---- Provided records

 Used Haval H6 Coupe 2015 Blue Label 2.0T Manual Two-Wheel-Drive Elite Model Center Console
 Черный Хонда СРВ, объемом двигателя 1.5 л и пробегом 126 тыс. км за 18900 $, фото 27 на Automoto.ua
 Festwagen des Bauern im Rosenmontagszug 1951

--------
---- Provided records

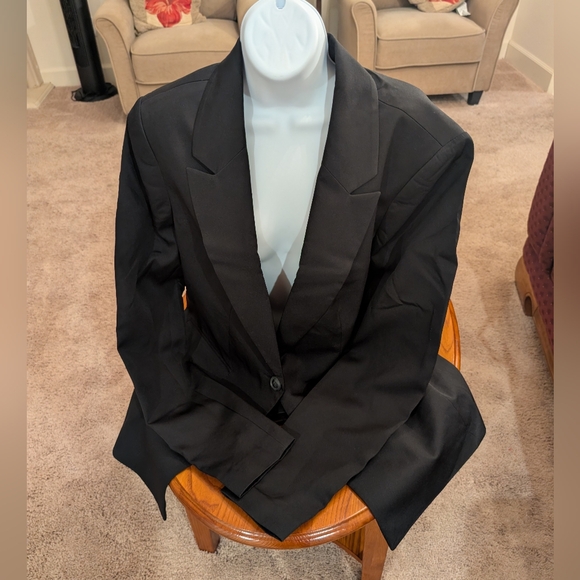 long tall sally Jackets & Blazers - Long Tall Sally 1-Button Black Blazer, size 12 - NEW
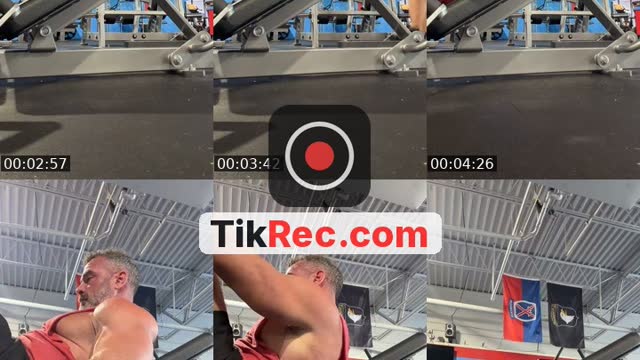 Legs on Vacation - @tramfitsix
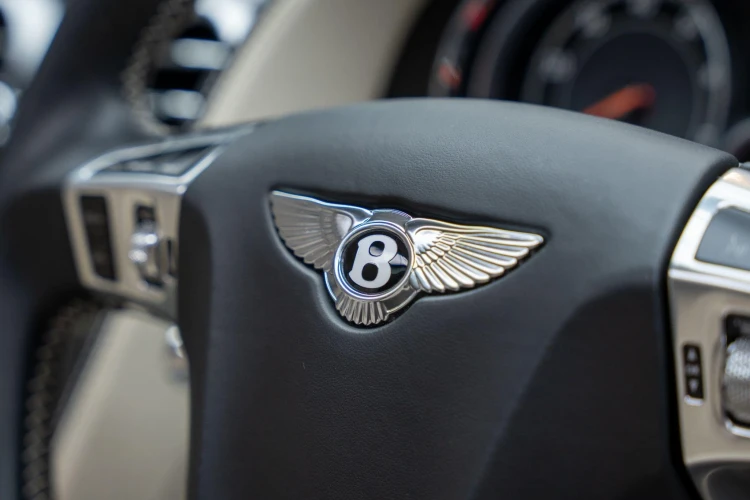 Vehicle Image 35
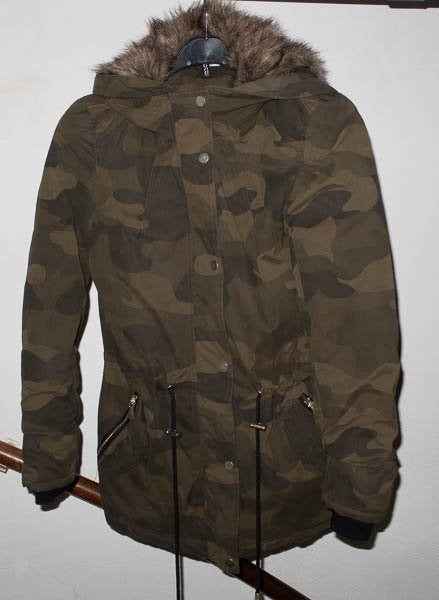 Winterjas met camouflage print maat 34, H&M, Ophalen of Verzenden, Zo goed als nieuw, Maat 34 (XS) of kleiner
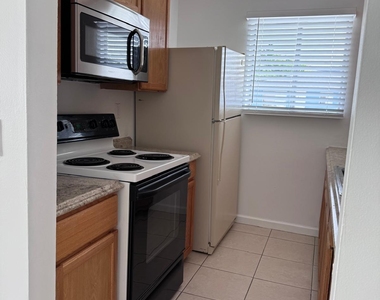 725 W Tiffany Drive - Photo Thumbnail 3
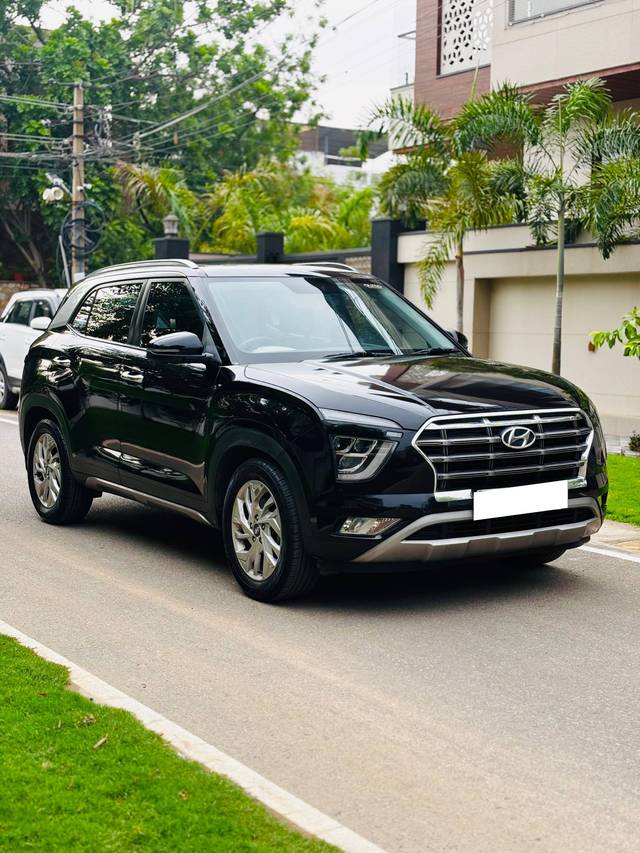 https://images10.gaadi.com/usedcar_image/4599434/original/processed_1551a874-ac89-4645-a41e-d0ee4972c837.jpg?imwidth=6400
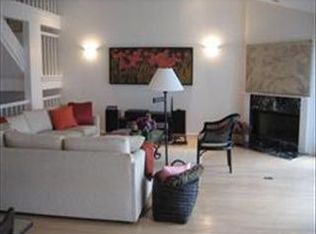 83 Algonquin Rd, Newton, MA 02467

--------
---- Provided records

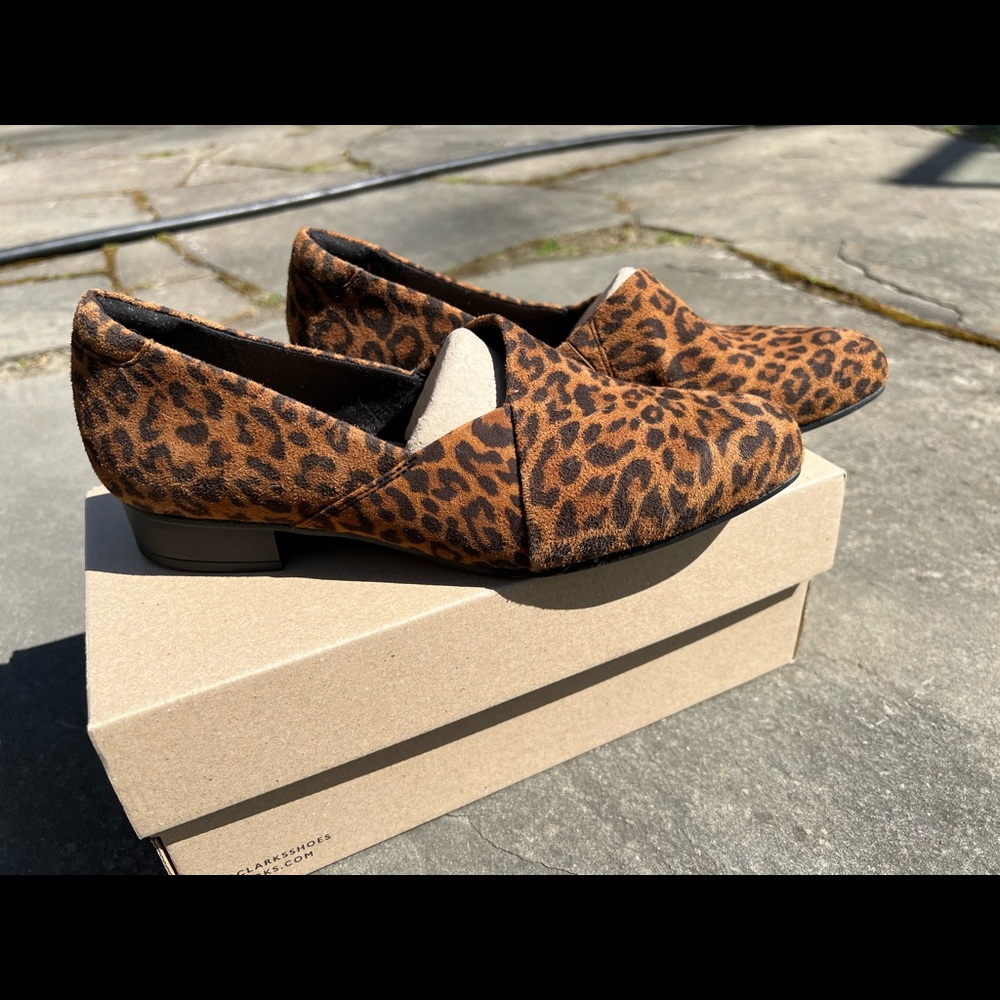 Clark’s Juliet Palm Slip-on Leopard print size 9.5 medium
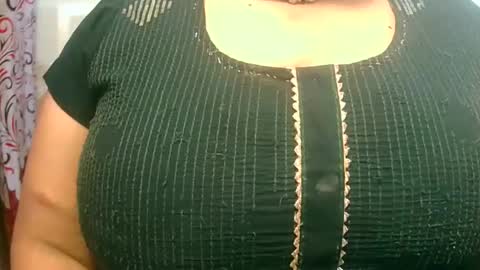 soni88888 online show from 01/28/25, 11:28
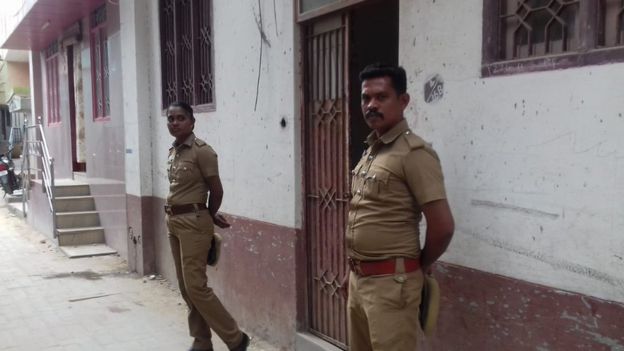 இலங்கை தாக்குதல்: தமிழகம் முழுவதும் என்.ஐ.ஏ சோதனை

--------

Exercise aim:
Write out again exactly the lines above from the one with "Winterjas met camouflage" through the one with "83 Algonquin Rd, Newton, MA 02467", adding no other lines and no pictures.

Exercise answer:
 Winterjas met camouflage print maat 34, H&M, Ophalen of Verzenden, Zo goed als nieuw, Maat 34 (XS) of kleiner
 725 W Tiffany Drive - Photo Thumbnail 3
 https://images10.gaadi.com/usedcar_image/4599434/original/processed_1551a874-ac89-4645-a41e-d0ee4972c837.jpg?imwidth=6400
 83 Algonquin Rd, Newton, MA 02467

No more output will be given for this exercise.